Gimmy Chu thinks that buying sustainable products should not be like taking cod liver oil. He and his partners at Nanoleaf want consumers to buy their energy-efficient LED lighting products because they’re fun and stylish, and because they provide good value.
He’s found plenty of people who agree, from the thousands of backers who put up small stakes on Kickstarter to one of the world’s richest men, Li Ka-shing.
With assistance from MaRS, Gimmy has set up a Toronto office in a third-floor walk-up space on John Street where Nanoleaf will design and sell an expanding range of new lighting products both in Canada and worldwide.
Nanoleaf works with LED or light-emitting diode technology. There’s nothing revolutionary in that. LEDs generate light by sandwiching a semi-conductor between two surfaces: one bearing a positive charge and the other bearing a negative charge. Light is emitted when electrons pass from the negative surface to the positive surface; the semi-conductor controls the flow.
Nanoleaf has added some twists to the standard technology. The company uses lasers to etch grooves into the flat surfaces of LED plates so they can be folded into three-dimensional shapes. What comes out looks pretty much like a conventional light bulb—albeit one constructed with a series of flat planes instead of a continuous round form. The bulb even screws into a conventional socket.

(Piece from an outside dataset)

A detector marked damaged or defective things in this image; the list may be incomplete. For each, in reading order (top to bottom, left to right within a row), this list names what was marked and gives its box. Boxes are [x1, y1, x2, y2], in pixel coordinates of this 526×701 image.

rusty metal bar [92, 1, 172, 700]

The device, the Nanoleaf Smart Ivy, may mimic the conventional light-bulb shape, but there’s nothing conventional about its use of energy. That’s because Nanoleaf has developed super-efficient LEDs—the most efficient in the world, Gimmy claims.

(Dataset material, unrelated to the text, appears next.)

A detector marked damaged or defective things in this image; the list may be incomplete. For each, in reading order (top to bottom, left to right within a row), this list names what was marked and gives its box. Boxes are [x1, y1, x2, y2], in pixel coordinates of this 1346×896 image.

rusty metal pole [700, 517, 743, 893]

How efficient are they? Efficiency is generally measured by the amount of light generated—measured in units called lumens—for each watt of electricity used. A conventional incandescent bulb produces about 20 lumens per watt, explains Gimmy. Compact fluorescent bulbs can manage up to 50 lumens per watt. Typical LEDs get 70 to 80 lumens per watt, he says.

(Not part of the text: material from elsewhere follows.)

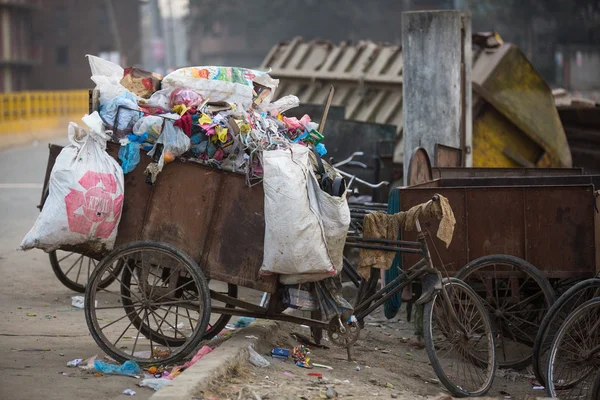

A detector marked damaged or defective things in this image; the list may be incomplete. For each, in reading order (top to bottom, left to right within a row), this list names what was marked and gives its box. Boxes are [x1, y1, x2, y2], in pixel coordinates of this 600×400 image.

Nanoleaf, by contrast, produces 150 lumens per watt, says Gimmy. Moreover, the LEDs are very long lasting: a unit can last for up to 30 years.
They’re also consumer-friendly. Nanoleaf’s units are dimmable and they are able to connect with Apple HomeKit technology, so they can be controlled remotely with an iOS device or by Siri voice command.
The company is now thinking beyond the bulb. Nanoleaf’s newest product, the Aurora, is a lighting device that hangs flat against the wall. The glowing units look something like triangular floor tiles, with sides about nine inches long. They can hang singly or in any pattern a decorator’s imagination comes up with.
Controlled by manipulating a central unit called the Hub, the Aurora can also change colours. The Hub, which can also control the Smart Ivy bulbs, is in the form of a dodecahedron, a 12-sided solid block with each side a perfect pentagon. It’s a form that fascinated Plato and it has become Nanoleaf’s signature shape. The Hub sits on a table or in the palm or your hand and you can change the colours of the light by rotating it.
Gimmy and his co-founders Tom Rodinger and Christian Yan have come a long way since they met while working on the University of Toronto’s solar vehicle project more than a decade ago. They went in separate directions after graduating, but they kept in touch and often tossed around ideas to keep working together.
At first their talk centred on solar technology, but by 2012 they had zeroed in on lighting and started serious development of what became the Smart Ivy. They were ready to go to market by 2013 and suddenly realized that they needed financing.
Their first instinct was to crowdfund. They got on Kickstarter and, to their delight, raised $273,278 from 5,746 backers. It was enough to get manufacturing going in Shenzhen and Hong Kong, and to start shipping products by mail.
But to grow, they realized they needed more substantial backing. Gimmy credits Ian Burchett, consul general of Canada in Hong Kong and Macao, and Meric Gertler, president of the University of Toronto, with providing contacts that set Nanoleaf up with several venture capital funds, one of which is backed by Chinese billionaire Li Ka-shing.
“That was huge,” says Gimmy. “At that time, we didn’t know anything about venture capital. We were just a bunch of engineers. That introduction changed our lives.”
When Gimmy began to build up Nanoleaf’s Canadian presence, MaRS initially offered the company office space (which it quickly outgrew) and provided contacts with retailers. MaRS also showed the Nanoleaf team how to access funding.
Nanoleaf now has about 35 employees, with 15 in Canada and the others in Hong Kong and Shenzhen. The team is aiming to get the Aurora on the market in September.
After that, there are more ideas in the pipeline. “We have some really cool stuff we’re working on,” Gimmy says.